Alice Walker on Writing, Dancing, and Bursting Into Song
"A modest two-step, not to attract attention, but still."
Alice Walker’s Taking the Arrow Out of the Heart is now available.
What do you always want to talk about in interviews but never get to?
How much the study of the literature of other countries can inform our sense of history; making the present easier to understand.
What time of day do you write?
I used to write almost entirely in the morning; I had a small child to care for, to help dress, to prepare for school. After she left, I could, if no travel that day was involved, meditate for 40 or so minutes; then, still in pajamas, go to work.
How do you tackle writer’s block?
To my knowledge I’ve never experienced writer’s block. I have published over two dozen books, seven of them novels, and have kept a journal going since 1962. (Gathering Blossoms Under Fire: The Journals of Alice Walker, coming next year.) My mother claims I was scribbling in the dirt with a twig when I was crawling. To me, writing was never a sentence but a delight, though weeping while doing it was not unknown. Too, there were always so many other enchanting things to do! Gardening, quilting, exploring the world, dancing on the Great Wall [of China]. . . A modest two-step, not to attract attention, but still.
Which book do you return to again and again?
The I Ching. A friend gave me a copy in the early 80s. She has since died, and I don’t think I ever told her it was one of the greatest, most useful gifts, of my life. There have been years when I have leaned on it as on a person. And, in fact, once I was talking to a friend about it and said “Brother Ching.” She, a feminist, countered immediately with “Mother Ching.” I think of it as more masculine because of the information on battlefield strategy, and rigid notions of courtly behavior.

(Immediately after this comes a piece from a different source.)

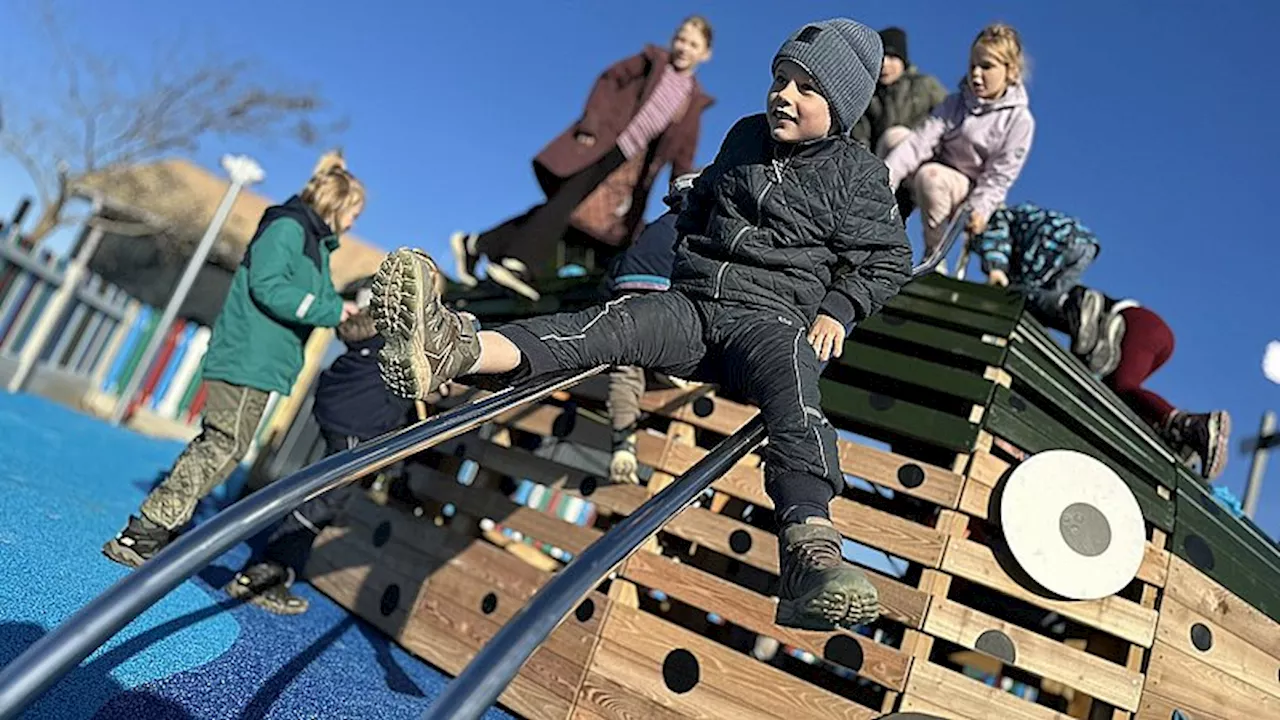 Efter ti år står særlig legeplads endelig klar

Confucian ideas of male superiority aside, it remains a book that rewards study and consultation.
Which non-literary piece of culture—film, tv show, painting, song—could you not imagine your life without?
When I am in a country where people still sing spontaneously, while working or even while strolling along the street, or beach, I feel comforted, and at home. I regret deeply that more people in more countries have given up the gift to others that is voluntary song. It is true many great voices have been “captured” on machines, I am not ungrateful. But if humans lose completely our human tendency to burst into song when the spirit moves us, we will be like birds who never learned to fly.